NRL: Smith blasts 'time wasting' Warriors

Anthony Minichiello (C) of the Roosters looks dejected during the round 10 NRL match between the New Zealand Warriors and the Sydney Roosters at Mt Smart Stadium. Photo / Getty Images.
Anthony Minichiello (C) of the Roosters looks dejected during the round 10 NRL match between the New Zealand Warriors and the Sydney Roosters at Mt Smart Stadium. Photo / Getty Images.

Sydney Roosters coach Brian Smith has blasted time-wasting late in matches as an "ugly" aspect of the NRL that needs cleaning up.

Smith was speaking after a spirited Roosters fightback feel short as the Warriors held on to win 30-26 in Auckland tonight.

An Anthony Minichiello try with three minutes helped to close the gap to within a converted try, setting up a grandstand finish.

However, Smith was upset Minichiello was later not allow to play the ball after being dazed in a tackle and also over the time taken to set a scrum that ended with the Roosters being penalised.

While "angry" and "frustrated", he was also proud of the resilience his players showed in fighting back after some "diabolical decisions" during the match.

He said there were "too many disappointing calls to mention", but added that the way the game ran was encapsulated in the last two minutes.

"In the end, they did not even know that you should blow the whistle when the hooter goes," he said of referees Steve Lyons and Henry Perenara.

Smith pointed to 15 seconds he counted as lost in setting the scrum, saying most referees would wait to call time-on until the ball was put in.

"There's a whole untidiness about our game at the moment where teams are doing this sort of thing and lying down and not playing the ball and chewing the clock up," he said.

"We would probably do the same thing, by the way. The encouragement is there with the way the refs are interpreting all that, instead of taking a strong stand about that and working it out.

"It was just ugly for the game. I'm not talking about us losing because of that. It's not the way we want.

"The rugby union World Cup final finishes with it seems like half an hour of guys just diving at the ground and chewing up the clock.

"It was an obscene sort of way for the climax of a tournament to finish, an extravaganza like that was, and our game has got that a little bit in it as well at the moment. I wish we could fix that."

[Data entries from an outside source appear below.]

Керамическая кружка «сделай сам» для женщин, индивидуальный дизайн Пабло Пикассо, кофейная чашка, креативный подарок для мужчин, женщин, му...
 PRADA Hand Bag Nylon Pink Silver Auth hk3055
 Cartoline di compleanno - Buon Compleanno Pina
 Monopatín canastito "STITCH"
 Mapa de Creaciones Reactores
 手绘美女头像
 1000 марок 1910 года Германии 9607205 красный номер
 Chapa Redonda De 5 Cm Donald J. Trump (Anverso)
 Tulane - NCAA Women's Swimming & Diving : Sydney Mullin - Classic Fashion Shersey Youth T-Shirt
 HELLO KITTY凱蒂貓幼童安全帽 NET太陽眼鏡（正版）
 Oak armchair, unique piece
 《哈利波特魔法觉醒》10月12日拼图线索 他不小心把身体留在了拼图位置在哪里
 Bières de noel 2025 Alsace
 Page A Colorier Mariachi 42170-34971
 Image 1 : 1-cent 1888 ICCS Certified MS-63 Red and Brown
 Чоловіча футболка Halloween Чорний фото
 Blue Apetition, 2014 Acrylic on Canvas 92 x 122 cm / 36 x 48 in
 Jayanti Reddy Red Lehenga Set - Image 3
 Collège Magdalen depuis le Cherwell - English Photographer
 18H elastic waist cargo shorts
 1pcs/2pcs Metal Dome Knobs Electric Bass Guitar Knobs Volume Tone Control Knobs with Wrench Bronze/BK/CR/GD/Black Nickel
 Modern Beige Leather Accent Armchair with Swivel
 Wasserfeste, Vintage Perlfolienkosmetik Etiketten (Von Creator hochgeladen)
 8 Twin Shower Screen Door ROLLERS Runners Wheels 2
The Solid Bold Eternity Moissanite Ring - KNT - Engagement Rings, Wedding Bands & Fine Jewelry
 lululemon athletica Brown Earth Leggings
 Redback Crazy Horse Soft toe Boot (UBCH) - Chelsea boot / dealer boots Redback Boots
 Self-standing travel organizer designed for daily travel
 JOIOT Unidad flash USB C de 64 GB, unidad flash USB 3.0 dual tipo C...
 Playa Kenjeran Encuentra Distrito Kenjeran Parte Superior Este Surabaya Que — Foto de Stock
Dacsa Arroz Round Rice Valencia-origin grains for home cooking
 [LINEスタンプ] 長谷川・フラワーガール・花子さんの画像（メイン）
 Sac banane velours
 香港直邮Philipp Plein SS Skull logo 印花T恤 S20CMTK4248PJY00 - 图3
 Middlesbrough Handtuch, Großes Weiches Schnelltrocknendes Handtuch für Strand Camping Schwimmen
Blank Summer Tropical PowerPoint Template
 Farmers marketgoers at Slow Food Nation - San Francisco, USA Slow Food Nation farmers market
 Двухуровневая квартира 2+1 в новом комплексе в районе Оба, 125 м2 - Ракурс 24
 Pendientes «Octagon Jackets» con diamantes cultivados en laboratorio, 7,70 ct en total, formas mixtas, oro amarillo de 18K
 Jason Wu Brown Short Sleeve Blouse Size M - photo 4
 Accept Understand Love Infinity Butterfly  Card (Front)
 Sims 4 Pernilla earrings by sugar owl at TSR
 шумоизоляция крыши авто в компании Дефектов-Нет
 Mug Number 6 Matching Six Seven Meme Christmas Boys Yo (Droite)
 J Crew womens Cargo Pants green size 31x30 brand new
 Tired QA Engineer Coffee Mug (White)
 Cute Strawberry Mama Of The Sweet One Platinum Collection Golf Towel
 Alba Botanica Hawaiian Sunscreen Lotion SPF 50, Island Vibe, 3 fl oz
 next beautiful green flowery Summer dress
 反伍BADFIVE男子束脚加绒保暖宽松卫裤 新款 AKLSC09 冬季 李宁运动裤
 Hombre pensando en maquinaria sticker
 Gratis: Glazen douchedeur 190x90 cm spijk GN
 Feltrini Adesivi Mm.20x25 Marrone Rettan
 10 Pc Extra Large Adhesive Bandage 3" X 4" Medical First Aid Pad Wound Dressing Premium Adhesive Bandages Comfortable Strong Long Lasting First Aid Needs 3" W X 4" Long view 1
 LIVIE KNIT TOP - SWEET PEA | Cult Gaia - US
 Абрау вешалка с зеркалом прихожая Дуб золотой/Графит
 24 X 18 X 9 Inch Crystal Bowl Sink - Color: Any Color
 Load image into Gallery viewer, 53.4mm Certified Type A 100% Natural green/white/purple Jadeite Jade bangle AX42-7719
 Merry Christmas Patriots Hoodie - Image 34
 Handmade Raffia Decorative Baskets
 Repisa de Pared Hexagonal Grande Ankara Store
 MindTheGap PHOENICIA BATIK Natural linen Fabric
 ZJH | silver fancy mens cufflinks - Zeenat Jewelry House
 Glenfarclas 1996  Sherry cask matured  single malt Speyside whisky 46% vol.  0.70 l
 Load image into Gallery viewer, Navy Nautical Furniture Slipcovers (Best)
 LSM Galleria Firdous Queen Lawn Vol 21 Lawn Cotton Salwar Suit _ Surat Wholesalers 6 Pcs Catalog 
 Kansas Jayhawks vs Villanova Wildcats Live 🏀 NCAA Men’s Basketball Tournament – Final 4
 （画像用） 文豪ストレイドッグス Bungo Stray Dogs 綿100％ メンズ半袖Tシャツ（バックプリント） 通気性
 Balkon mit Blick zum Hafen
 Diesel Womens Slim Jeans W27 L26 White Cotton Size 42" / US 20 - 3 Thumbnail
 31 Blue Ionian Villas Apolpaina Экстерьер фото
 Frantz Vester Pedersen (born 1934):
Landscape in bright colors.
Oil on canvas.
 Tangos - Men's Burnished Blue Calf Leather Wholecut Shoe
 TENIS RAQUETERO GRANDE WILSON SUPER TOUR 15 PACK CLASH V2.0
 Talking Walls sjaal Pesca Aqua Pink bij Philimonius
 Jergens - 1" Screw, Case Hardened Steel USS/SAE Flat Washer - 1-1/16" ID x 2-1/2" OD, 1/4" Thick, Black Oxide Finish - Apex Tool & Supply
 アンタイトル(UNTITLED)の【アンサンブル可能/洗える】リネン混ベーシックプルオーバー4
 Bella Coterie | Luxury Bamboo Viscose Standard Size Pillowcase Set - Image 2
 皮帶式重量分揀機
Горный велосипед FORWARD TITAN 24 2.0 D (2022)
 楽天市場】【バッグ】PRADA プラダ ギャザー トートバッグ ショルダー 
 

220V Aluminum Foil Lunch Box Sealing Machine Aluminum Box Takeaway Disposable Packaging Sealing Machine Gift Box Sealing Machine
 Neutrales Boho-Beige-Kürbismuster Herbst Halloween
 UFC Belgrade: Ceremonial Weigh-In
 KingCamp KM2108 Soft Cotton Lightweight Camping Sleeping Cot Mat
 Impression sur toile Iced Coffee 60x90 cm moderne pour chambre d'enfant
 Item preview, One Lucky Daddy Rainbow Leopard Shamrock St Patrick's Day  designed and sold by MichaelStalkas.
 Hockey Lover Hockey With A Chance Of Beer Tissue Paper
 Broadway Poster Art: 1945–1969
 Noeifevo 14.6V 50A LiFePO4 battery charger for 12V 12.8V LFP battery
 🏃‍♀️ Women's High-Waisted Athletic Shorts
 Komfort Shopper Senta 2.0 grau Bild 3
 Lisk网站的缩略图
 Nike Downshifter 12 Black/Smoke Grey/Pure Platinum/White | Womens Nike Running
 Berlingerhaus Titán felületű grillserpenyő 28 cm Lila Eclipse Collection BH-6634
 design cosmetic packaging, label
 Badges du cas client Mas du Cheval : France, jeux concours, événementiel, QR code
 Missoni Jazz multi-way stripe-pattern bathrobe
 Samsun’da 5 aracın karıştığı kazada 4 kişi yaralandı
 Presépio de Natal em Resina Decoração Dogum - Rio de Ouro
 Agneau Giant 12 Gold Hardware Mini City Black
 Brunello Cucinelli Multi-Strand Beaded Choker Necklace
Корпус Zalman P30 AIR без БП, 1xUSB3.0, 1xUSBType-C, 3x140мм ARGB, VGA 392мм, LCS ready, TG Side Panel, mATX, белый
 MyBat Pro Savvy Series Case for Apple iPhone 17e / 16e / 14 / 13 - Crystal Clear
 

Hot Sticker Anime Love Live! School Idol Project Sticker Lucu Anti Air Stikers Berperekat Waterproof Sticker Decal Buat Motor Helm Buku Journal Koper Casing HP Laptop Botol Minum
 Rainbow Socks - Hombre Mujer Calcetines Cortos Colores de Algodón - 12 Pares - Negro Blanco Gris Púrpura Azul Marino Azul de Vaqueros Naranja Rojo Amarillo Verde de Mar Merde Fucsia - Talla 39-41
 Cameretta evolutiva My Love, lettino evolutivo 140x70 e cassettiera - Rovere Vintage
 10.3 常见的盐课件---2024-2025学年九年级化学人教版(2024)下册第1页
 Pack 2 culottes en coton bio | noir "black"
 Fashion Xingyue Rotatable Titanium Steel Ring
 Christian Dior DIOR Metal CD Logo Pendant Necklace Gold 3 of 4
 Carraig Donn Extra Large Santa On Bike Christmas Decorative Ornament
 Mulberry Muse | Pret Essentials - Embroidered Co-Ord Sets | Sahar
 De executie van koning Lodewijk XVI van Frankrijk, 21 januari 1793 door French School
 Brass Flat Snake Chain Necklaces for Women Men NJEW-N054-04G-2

Skipper Braith Anasta agreed there were "too many disappointing calls".

He pointed to bench forward Boyd Cordner being put on a report after his shoulder was judged to have made contact with the head of Warriors fullback Jerome Ropati late in the first half.

Ropati went off with a dislocated knee suffered in the tackle and faces six to eight weeks on the sidelines.

Anasta said Cordner's shoulder was "nowhere near the head".

"He didn't get carried off because he was concussed," Anasta said.

"He got carried off because of his knee."

Warriors coach Brian McClennan admitted there were aspects of the game "that had me scratching my head".

But he said he didn't want to say anything about the refereeing until he had seen the tape of the match.